Вполне понятно поэтому, что в обществе должны были играть большую роль гетеры. Замкнутая, подчиненная, почти рабская роль древнегреческой или римской женщины делала ее существование незаметным. Между тем потребность в женском обществе была очень велика, так как женщина, как сказано, являлась главной носительницей высшего начала, перед которым преклонялся грек или римлянин, – красоты в её высшей, законченной форме. Вот почему, говоря о древней женщине, как о свободной представительнице общества, приходится иметь в виду только гетеру. Ей, этой легкомысленной, развратной, но прекрасной жрице чувства, ей, продававшей свою любовь за деньги, но в то же время умевшей вливать в душу созерцателя её красоты невыразимую радость и блаженство, – ставились статуи, воздвигались мавзолеи и курился фимиам не только в переносном, но, и в истинном смысле слова, потому что существовали храмы посвященные любви и страсти. Даже такой идеалист, как Платон не восставал против внебрачных отношений между представителями обоего пола. Все, что было знатного и талантливого, пресмыкалось во прахе перед гетерами и несло к их ногам славу, талант, богатство. Даже правосудие склоняло перед ними свое знамя, и когда адвокат Фрины, не находя достаточно сильных аргументов, чтобы повлиять на её судей, сорвал с неё покровы, – суровые, грозные, беспощадные судьи сменили гнев на милость и вместо обвинительного вынесли оправдательный приговор.
Оглядывая мысленно длинную галерею поэтов, завещавших миру свои мечты и восторги, невольно останавливаешься на Анакреоне, этом древнейшем и пламеннейшем представителе науки страсти нежной, которую к тому же он довел до последнего слова. «В лице Анакреона, – говорить профессор Дублинского университета Дж. П. Магаффи, – мы видим утонченнейшего придворного, поклонника вина и любви, человека, исчерпавшего до дна все человеческие наслаждения и не знавшего никакого горя, кроме появления седин на его голове и пренебрежения статных юношей и красивых девушек к начинавшейся его старости. Он не вмешивался в политические дела, не давал серьезных наставлений по вопросам нравственности, стоял особняком от всех высших целей и стремлений его времени; он был по преимуществу „вольным певцом незанятого дня“, „любимым поэтом роскошного и чувственного двора“ [3] Поликрата Самосского.
. Резкие нападки на Артемона были, кажется, вызваны эротической ревностью; гимны к Дионису не имели религиозного характера, а просто являлись светскими произведениями. Это отсутствие серьезности проникало в самую глубь его натуры». [4] Дж. П. Магаффи. «История классического периода греческой литературы». Пер. А. Веселовской, стр. 179.

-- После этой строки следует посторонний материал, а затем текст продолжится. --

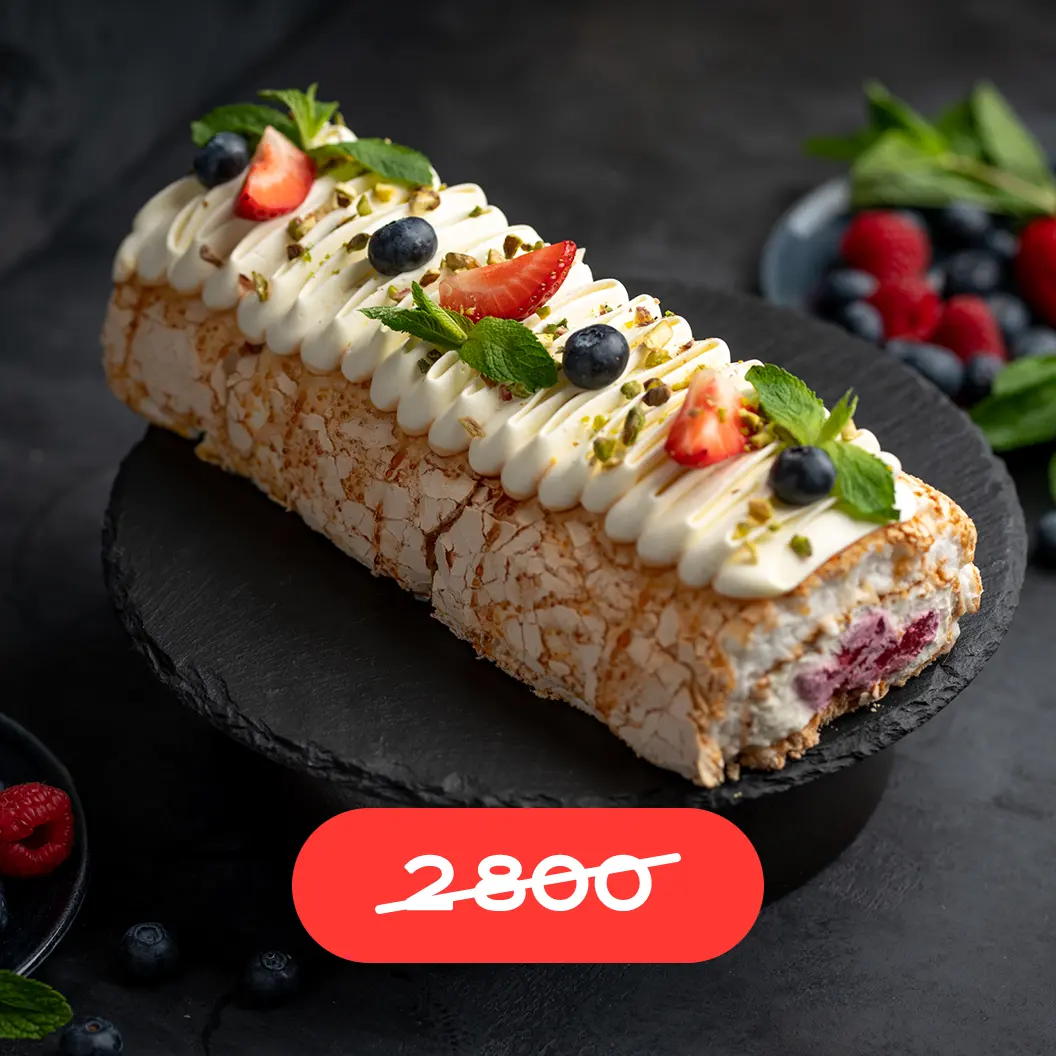 Вино и Мясо: Меренговый рулет с малиной и фисташкой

Вот на кого оказывала сильное влияние женщина. Вот поэт, творческая деятельность которого носит на себе яркий отпечаток огня, переполнявшего его сердце. Нет ни одного поэта во всемирной литературе, который довел бы до такой полноты и законченности культ женской красоты и сумел бы сохранить свое миросозерцание нетронутым до конца дней.
Славлю нежного Эрота:
Он сильнее всех богов;
Он царит в венце, сплетенном
Из бесчисленных цветов.
Смертных мощный укротитель,
Он самих богов властитель. [5] Пер. А. Мея. Сочинения.
Нечего говорить, что в своих стихотворениях он воспевает только гетер, господство которых особенно усилилось в царствование Пизистрата, захватившего власть в отсутствие сурового Солона и вместо строгих нравов насадившего Афины предметами искусства и легкими взглядами на жизнь. Называть имена женщин, которых любил Анакреон, бесполезно: их было много – во-первых, а во-вторых, он, может быть, вряд ли отличал одну гетеру от другой и во всяком случае мало печалился, если какая-либо из его возлюбленных не обращала на него внимания. Он сам указал на свое легкомысленное перепархивание от одной женщины к другой в грациозном полушуточном стихотворении, озаглавленном: «Любовницам»:
Все листья на деревьях
Ты верным счетом знаешь,
И на море широком
Все волны сосчитаешь –
Сочти ж моих любовниц!
В Афинах для начатка
Ты запиши мне двадцать
И полтора десятка.
Потом считай в Коринфе
По целым легионам:
Уступит вся Эллада
В красе коринфским женам
Теперь сочти в Лесбосе,
В Ионии, в Родосе,
И в Карии… пожалуй –
Две тысячи… немного…
Что скажешь? Отвечай же:
Далеко до итога!
Нисирским и канотским
Не свел еще я счета…
Да в Крите всеобильном,
По городам Эрота,
Где таинства уставил
Любви законодавец.
Сочти вдобавок к прежним,
Души моей красавиц.
Но как их сосчитаешь
Спрошу тебя заране –
За Кадиксом, за Индом
И в дальней Бактриане? [6] Пер. А. Мея.